For over ten years, researchers at the Ottawa Heart Institute in Canada have been developing and studying a new-and-improved version of this device, which adds insulated wires capable of transmitting electrical impulses to three chambers of the heart. This new addition is called cardiac resynchronization therapy (or CRT) and helps the lower chambers of the heart to beat more strongly and more in unison. In November 2010, a study published in the New England Journal of Medicine revealed that the CRT was found to reduce the risk of death by 24% compared to a traditional ICD.

Co-led by Dr. Anthony Tang and Dr. George Wells at the Heart Institute, the study showed that CRT has the potential to save the lives of thousands and possibly millions of heart patients.

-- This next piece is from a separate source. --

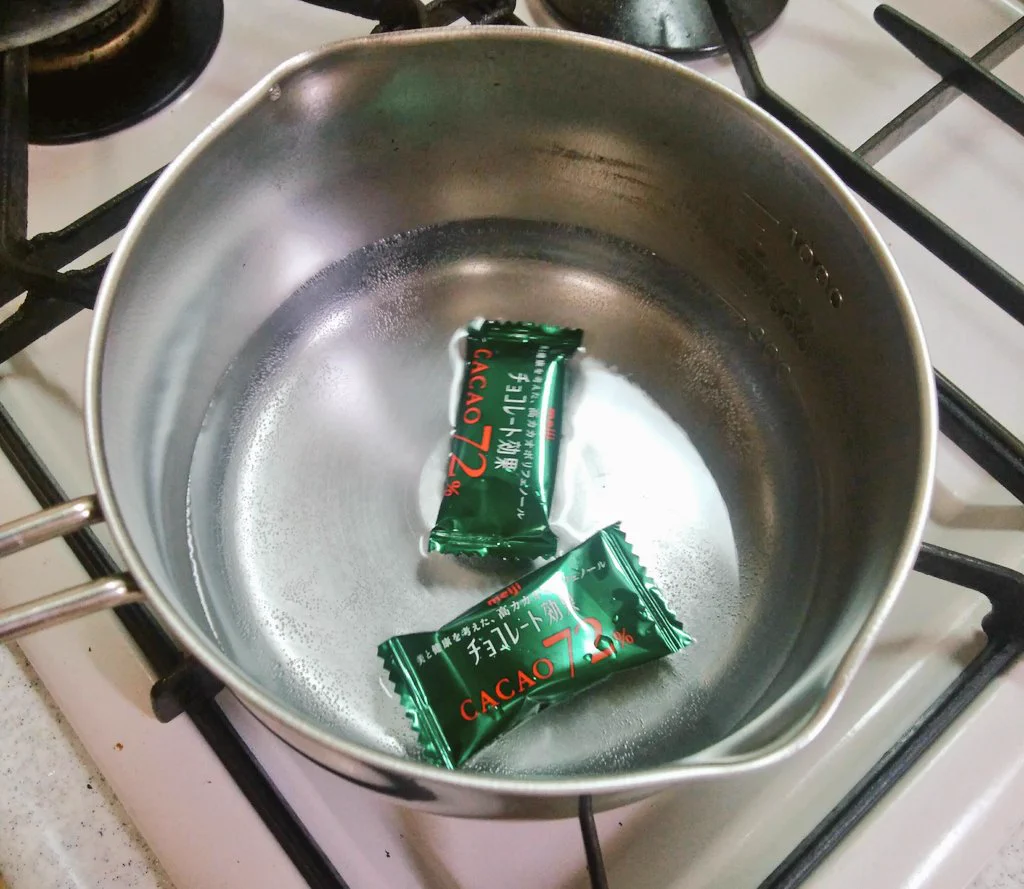 この発想はなかった！個包装のチョコを「チョコペン」代わりに出来るナイスアイデア！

In a healthy heart, the muscles all fire at once, pumping blood in a coordinated way. When a dysfunction occurs in the heart, some parts of the organ may contract while others do not.
That's where the CRT comes in - the device helps to synchronize this process, making the heart work in a more coordinated fashion. However, until now, no research had been undertaken to examine the specific benefits and survival rates in heart failure patients who have been implanted with a CRT.

"This particular study is unique in that it actually demonstrated that it keeps more patients out of hospitals for heart failure and also helps them live longer," explains Dr. Tang. "It really translated into meaningful benefits to individuals."

"The patient doesn't really care whether the heart contracts and is coordinating or not," notes Dr. Tang. "What is meaningful for patients is 'Can I live longer?' 'Can I live better?' And we've now demonstrated that this indeed can be the case."

Athough the work of Dr. Tang and Dr. Wells is very promising, it is still best that we take action in preventing cardiovascular disease. Prevention is stll a lot better than cure.

The Facts on Cardiovascular Disease in the Philippines

  • According to Philippine Heart Association, heart disease is the number 1 killer of women over 25 years old, accounting for 500 deaths of women each year. One in every 2.5 women will die of heart disease and stroke
  • In 2007 more than 30 percent of deaths in the Philippines were due to cardiovascular causes making the diseases of heart and blood vessels the top two causes of mortality in the country today. Of these, 40 percent occurred in women.
  • About 17 million people worldwide die annually due to cardiovascular disease. In the Philippines, heart disease and stroke are the leading causes of mortality with 120,000 Filipinos dying each year because of these diseases
  • Nine in ten individuals over the age of 20 years have at least one risk factor for cardiovascular disease. Four in ten have three or more of these risk factors. As the number of risk factors increases, so does the risk of cardiovascular disease.
  • The most dominant risk factors for the development of heart disease are smoking, physical inactivity, high blood cholesterol, high blood pressure, obesity or overweight and diabetes.
  • The risk for developing cardiovascular disease can be reduced by stress management, healthy nutrition, regular physical activity, and maintaining a healthy weight, and by not smoking, avoiding alcohol abuse, and controlling diabetes, hypertension, and high cholesterol.